# Wilde arrow



## weatherby25 (Sep 10, 2007)

I have heard it is moving from Layton to Centerville is this true?


----------



## bwhntr (Sep 12, 2007)

This is true


----------



## fixed blade XC-3 (Sep 11, 2007)

I believe the new store opens today.


----------



## dkhntrdstn (Sep 7, 2007)

where at in centerville are they moving to ?


----------



## bwhntr (Sep 12, 2007)

dkhntrdstn said:


> where at in centerville are they moving to ?


Next to "Waterfowl Guides 'r' Us"! :mrgreen:


----------



## dkhntrdstn (Sep 7, 2007)

bwhntr said:


> dkhntrdstn said:
> 
> 
> > where at in centerville are they moving to ?
> ...


Sweet wear is that at? I have not seen them befor.I will have to check both of them out at the same time. Thanks Shane. :lol:


----------



## Treehugnhuntr (Sep 7, 2007)

They will be in the old Guitar city building, west of the freeway. They have tomorrow scheduled for opening. They'll have a 12 lane/30 yard range and a bunch of 3D's, much like UAC.

See you all down there!


----------



## elk_horn (Aug 6, 2008)

so is the Layton Store closing??


----------



## Treehugnhuntr (Sep 7, 2007)

Yes.


----------



## dkhntrdstn (Sep 7, 2007)

Im going have to check it out. Does anybody have there number ?


----------



## Treehugnhuntr (Sep 7, 2007)

546-0962, Though I'm not sure if they are keeping the same ph#.


----------



## dkhntrdstn (Sep 7, 2007)

Thanks Tree I will give that number a try.


----------



## stablebuck (Nov 22, 2007)

that's the number they had on the flyer...so they're probably keeping it...at least for now...


----------



## dkhntrdstn (Sep 7, 2007)

I tryed that number and they did not pick up. but there voice mail box did.


----------



## stablebuck (Nov 22, 2007)

yeah they haven't been great about answering the phone in the last month or so...
http://wildearrowarchery.com/


----------



## Treehugnhuntr (Sep 7, 2007)

What do you need to know?
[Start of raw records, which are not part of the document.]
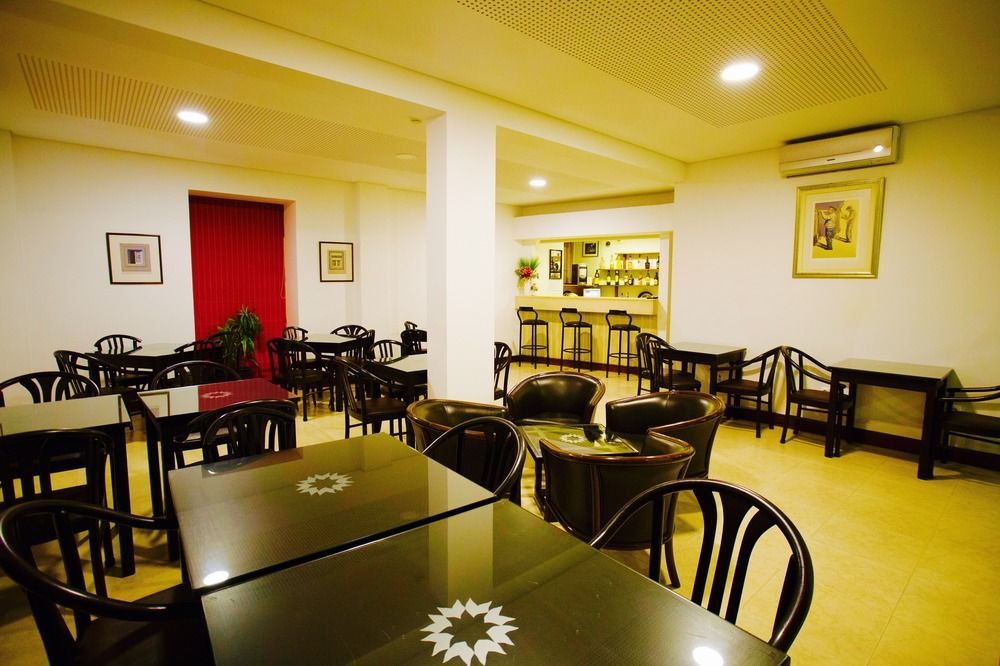 Hotel Solaris Сетубал Экстерьер фото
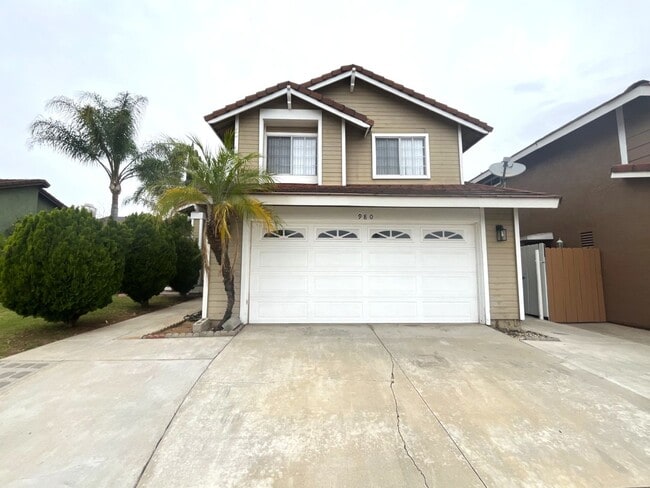 Photo - 3 bed, 2.5 bath located in Corona, CA!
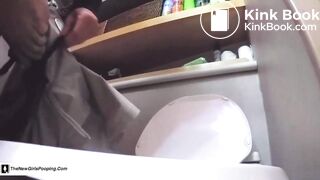 SCAT - Sexy girls Pooping 29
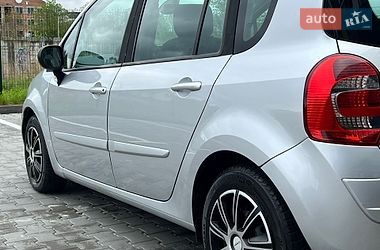 Хэтчбек Renault Modus 2009 в Луцке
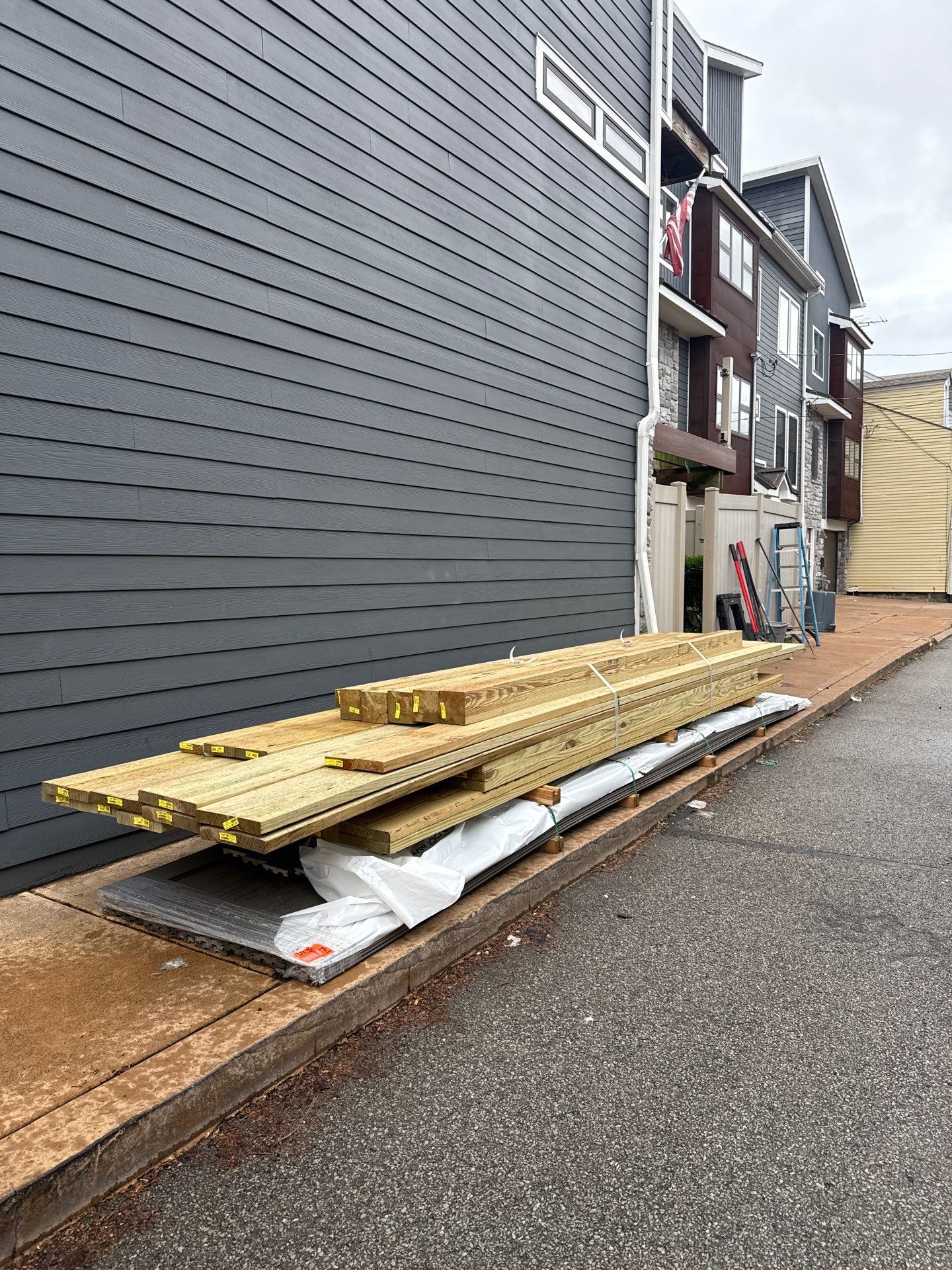 Deck Southside  by Cousins Roofing Siding & Decks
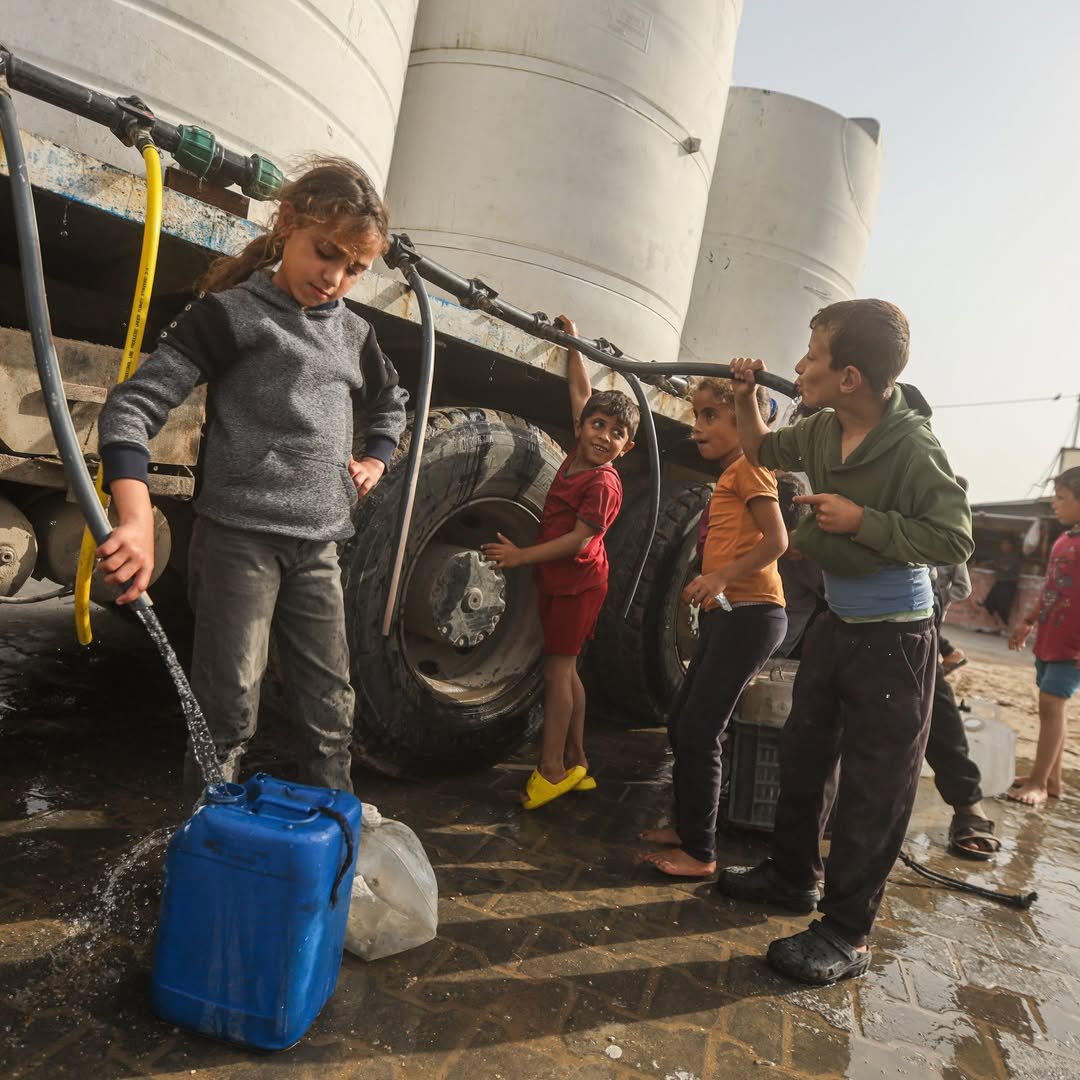 Daily Water Struggle for Gaza Residents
I'm connected. :wink: :mrgreen:


----------



## raykingleaves (Nov 6, 2008)

Sweet! I used to go see Dee all the time in Idaho Falls when I lived up that way, he set me up with my first Martin. I'll have to go check it out!


----------



## dkhntrdstn (Sep 7, 2007)

Treehugnhuntr said:



> What do you need to know? I'm connected. :wink: :mrgreen:


Im wanting some prices on some vanes and see how much they will charge me to so some arrows for me.Like put my wraps on my arrows and then fleach them up for me. Why im still trying to get all of the stuff to do my owen.So i cna hve them ready tog o up to hardware ranch shoot in a couple weeks. :mrgreen:


----------



## Treehugnhuntr (Sep 7, 2007)

Gotcha, I'd give em a holler tomorrow, they've been busy moving.

T


----------



## dkhntrdstn (Sep 7, 2007)

Yea im going to give them a call tomorrow and then i i dont get nothing then I will go down there friday and check the place out.


----------



## fixed blade XC-3 (Sep 11, 2007)

Tree will you tell them to hurry up with my **** bow. Geez it's been 3 weeks. I want to go to lunch with you ****'s


----------



## dkhntrdstn (Sep 7, 2007)

fixed blade said:


> Tree will you tell them to hurry up with my **** bow. Geez it's been 3 weeks. I want to go to lunch with you ****'s


he will if you are buying him lunch. :lol:


----------



## stablebuck (Nov 22, 2007)

dkhntrdstn said:


> Treehugnhuntr said:
> 
> 
> > What do you need to know? I'm connected. :wink: :mrgreen:
> ...


I wanna say they're gonna charge you like $2-$3 an arrow...


----------



## dkhntrdstn (Sep 7, 2007)

stablebuck said:


> dkhntrdstn said:
> 
> 
> > Treehugnhuntr said:
> ...


UAC is charging 2.50 arrow.Man that 50 bucks for 18 arrows. I just might have to break down and start learning how to do them. thanks for you guys help.


----------



## droptine801 (Sep 26, 2007)

Its only 10 min from my house heres the phone# I have 801-628-8141 new address is 470 North 1100 West Centerville


----------



## dkhntrdstn (Sep 7, 2007)

I went in there on friday and then again on saterday. Man I have to say that a nice place great people. Looking to do soem business with them again soon and in the futer. I will be heading there again to buy some arrows.O yea Shane I didnot see the guide R US around there. Maybe next time I see you there you can show me where it at. :mrgreen:


----------



## bwhntr (Sep 12, 2007)

Oh they were there...what you don't realize is the "guides" are just average joes like you and I! It was good running into you Dustin.


----------



## fixed blade XC-3 (Sep 11, 2007)

Berg, Tree, my bow's done. They said they usually take a little longer on the Nicer bows, like Mathews. They want everything to be perfect. They said they don't waste their time on the Hoyt's, cuz it will all come undone after a dozen arrows are shot, You Dig?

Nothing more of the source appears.